Mit "Frauentausch" und anderen Krawall-Formaten ist RTL II bekannt und erfolgreich geworden. Aber die Zeiten haben sich eben auch in Grünwald geändert, zuletzt taten sich die Tauschmütter merklich schwer, noch ein großes Publikum zu finden. Stattdessen feiert der Sender große Erfolge mit Sozial-Dokus wie "Armes Deutschland" oder "Hartz und herzlich". Im Vergleich zu anderen RTL-II-Formaten kamen die schon relativ ernst daher, nun wagt sich der Sender aber an ein noch deutlich schwereres Thema. In "Voller Leben - Meine letzte Liste" begleitet Myriam von M. sterbenskranke Menschen in ihren letzten Tagen und Monaten - und das ist überhaupt nicht voyeuristisch.

RTL II nähert sich dem Thema angemessen und in einem ruhigen Ton, der Sender zeigt in dem neuen Format, dass er auch ganz anders kann als sonst. Myriam von M. selbst hat den Kampf gegen den Krebs schon mehrmals gewonnen und die "Fuck Cancer"-Bewegung gegründet, mit der sie anderen Krebs-Patienten Mut machen will. Sie ist daher eine authentische Person, wenn es darum geht, Menschen in ihren letzten Tagen und Wochen zu begleiten. Sie spielt sich nicht in den Vordergrund, wenn die Patienten in der Sendung ihre Geschichte erzählen oder ihre Wünsche erfüllt bekommen.
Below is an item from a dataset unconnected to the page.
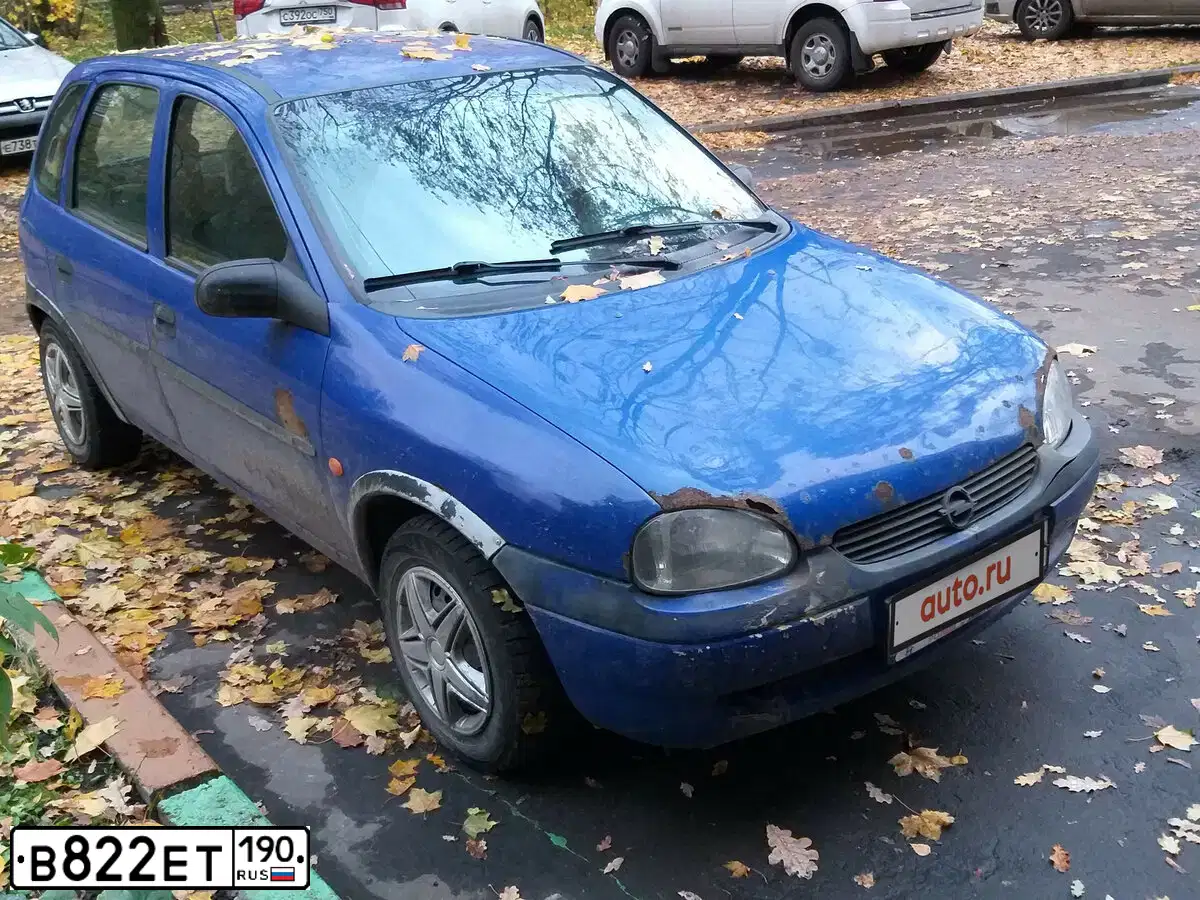 Фото автомобиля OPEL CORSA, 1997 — госномер В822ЕТ190. Цвет: СИНИЙ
Die Geschichten, die der Sender gemeinsam mit der zuständigen Produktionsfirma Joker Productions erzählt, gehen wahrlich unter die Haut. Da wäre in der Auftaktfolge etwa die 22-jährige Nadja, die noch einmal unbedingt etwas gemeinsam mit ihrem Freunden und ihrer Schwester machen will, bevor sie stirbt. Weil sie eine Band hat, lädt Myriam von M. sie und ihre Freunde also in ein Tonstudio ein, um eine CD aufzunehmen. Mit der Schwester geht es wenig später nach Frankreich, um Wildpferde zu sehen.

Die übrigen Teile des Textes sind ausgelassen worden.